This argument is only valid if you are planning on turning over the car rather quickly. We just bought a new 2013 R-Line w/MT for 28.5K plus tax. If it holds up anything like our B5.5 Passat, we will have it 10+ years. resale value won't matter much at this point.


----------



## Fignewton (Jun 12, 2007)

I've had both, almost. I had a 2012 GLI which I totalled (and can vouch for its safety in a crash). And a 2013 CC (albeit just a Sport), which I replaced it with. And yes, the lease price was nearly identical. 

Everyone's opinion is different, but I wish I would have gotten another GLI. 

You mentioned exciting to drive. The CC does nothing for me (an r-line may be different, but I've never driven one). A) I feel like I'm in a boat, that screams nothing to do with "sporty" B) I'm 38 and I feel like I'm too young for the car. C) I feel like it's a car better suited for a woman. Again, these are just my impressions, not trying to take a definitive stance or sway you one way or another.

I think the GLI looks more muscular and sporty. The GLI was a lot more fun to drive and I felt like I could throw it around more confidently than the CC. The CC is more luxurious looking. 

I think the CC looks more and more common everyday, as just about every auto maker has a model that mimics the roof line and cheesy led's. (see new chevy impala).

I liked the GLI because it had a sporty look and feel to it without looking fast and furious.
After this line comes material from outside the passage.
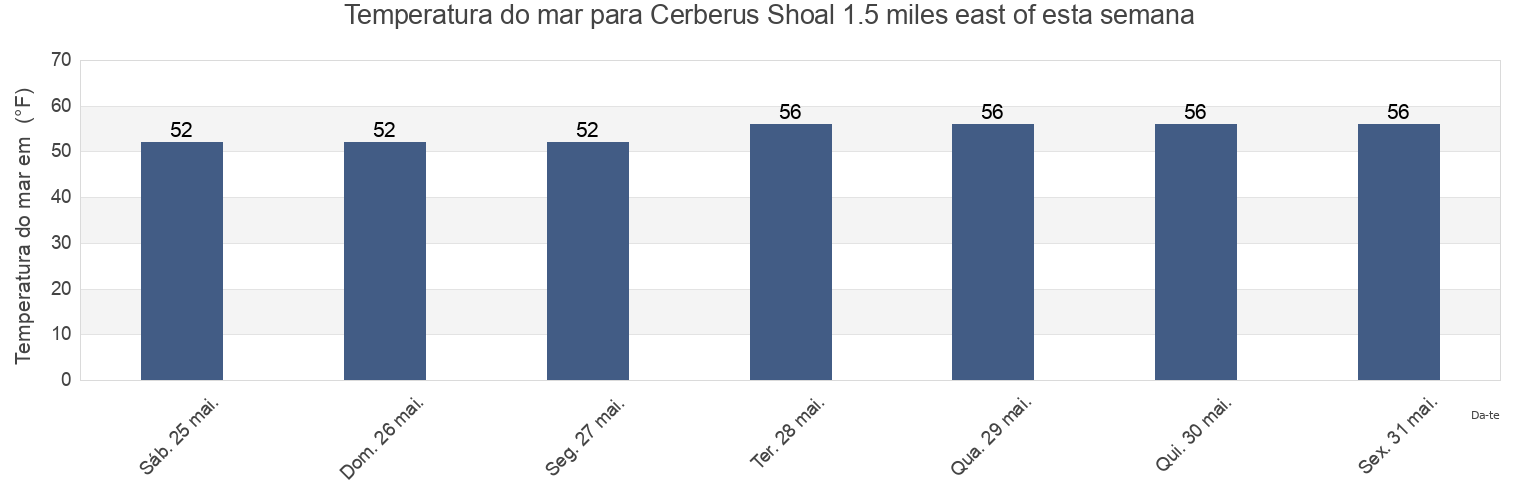 Temperatura do mar em Cerberus Shoal 1.5 miles east of, Washington County, Rhode Island, United States esta semana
Plus, fully loaded I felt like I was getting an A4 for less.

All that being said, if I was 21 again, the choice would be easy. G T I

Test drive them both and get the one that feels most right. Either way you can't go wrong, you've chosen the right brand of car.

I would also ask the question in the MKVI Jetta forum to get some thoughts from over there as well.


----------



## puma1552 (Jul 6, 2012)

szatkoff said:


> This argument is only valid if you are planning on turning over the car rather quickly. We just bought a new 2013 R-Line w/MT for 28.5K plus tax. If it holds up anything like our B5.5 Passat, we will have it 10+ years. resale value won't matter much at this point.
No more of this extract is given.